**What you are asked to do**
All of the data goes into your copy exactly as written. Images do not.

**Dataset content**
━━━━━━━━━━━━━━━━

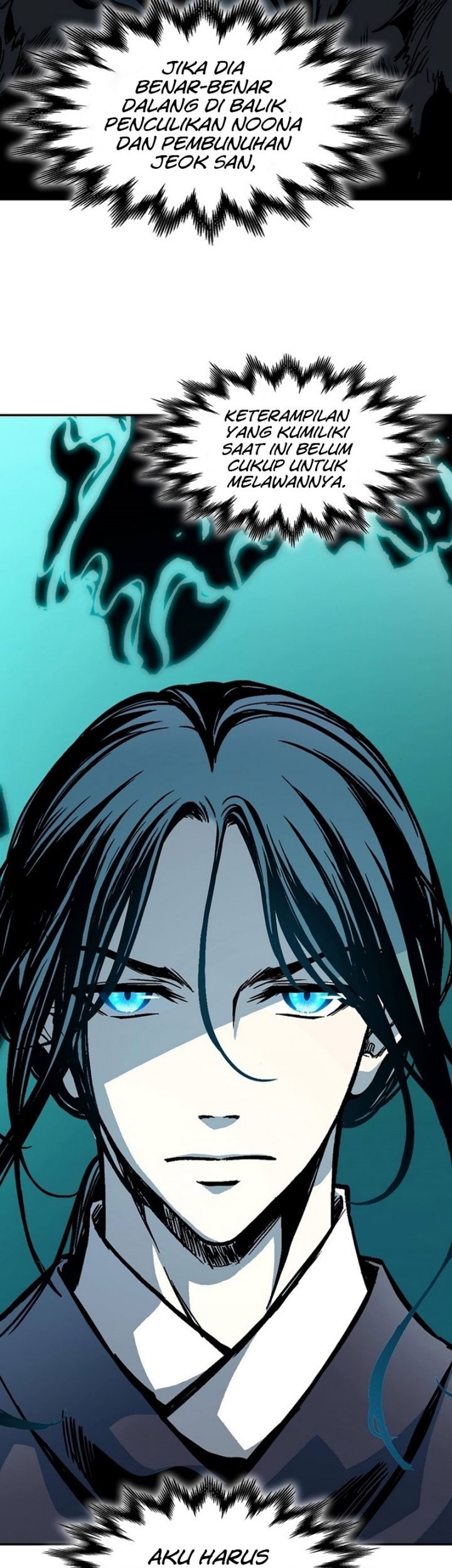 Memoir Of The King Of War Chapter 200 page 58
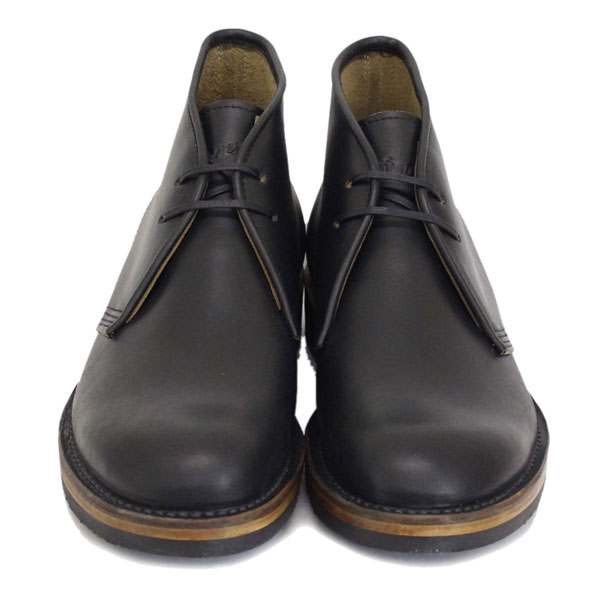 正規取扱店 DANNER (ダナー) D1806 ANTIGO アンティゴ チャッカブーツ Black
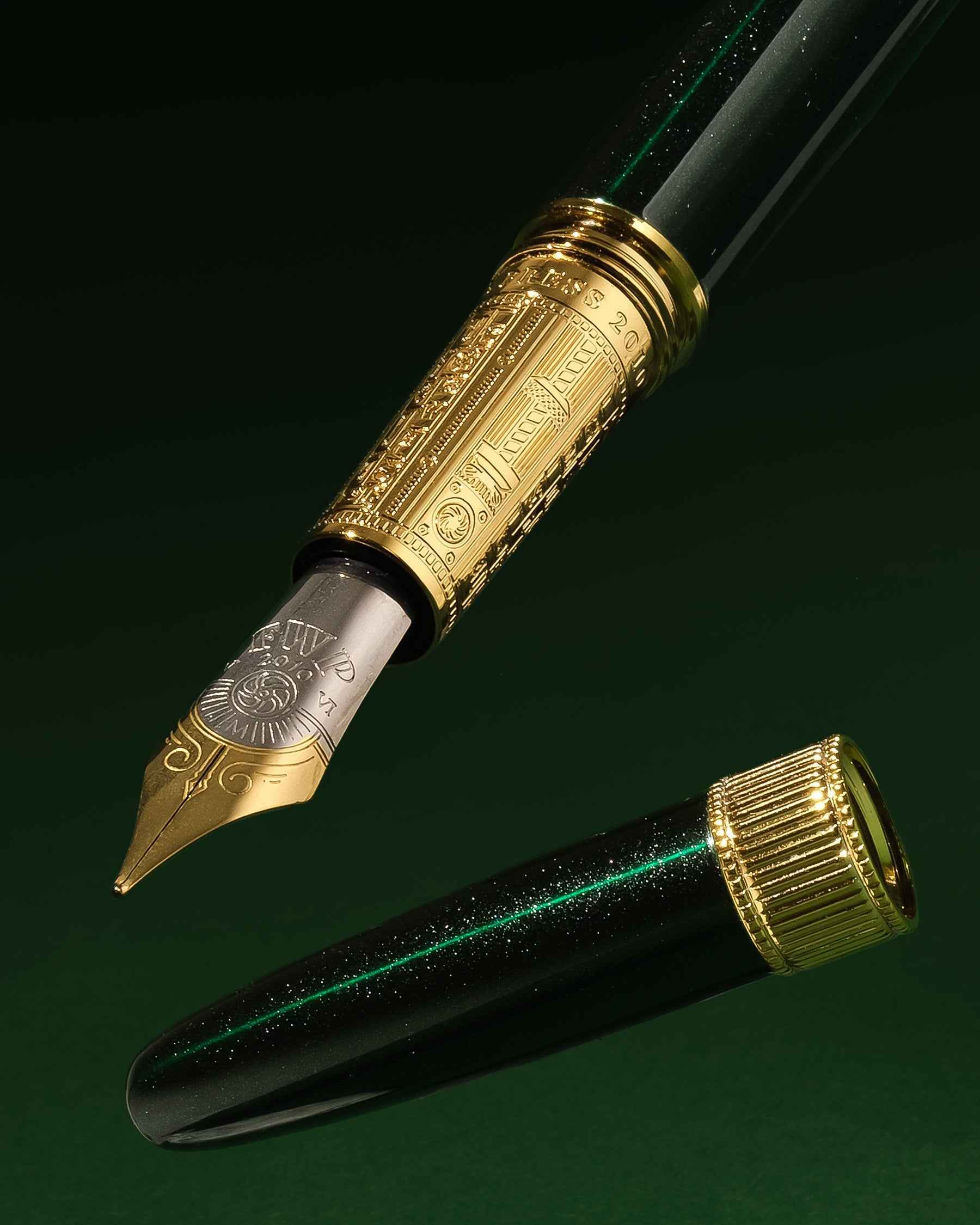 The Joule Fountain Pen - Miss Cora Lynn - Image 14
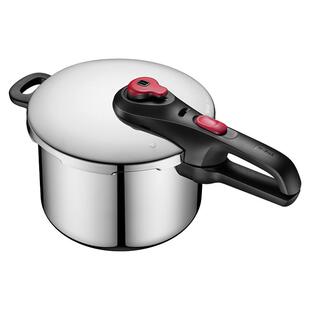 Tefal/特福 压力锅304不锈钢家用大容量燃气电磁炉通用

━━━━━━━━━━━━━━━━

**Task result**
 Memoir Of The King Of War Chapter 200 page 58
 正規取扱店 DANNER (ダナー) D1806 ANTIGO アンティゴ チャッカブーツ Black
 The Joule Fountain Pen - Miss Cora Lynn - Image 14
 Tefal/特福 压力锅304不锈钢家用大容量燃气电磁炉通用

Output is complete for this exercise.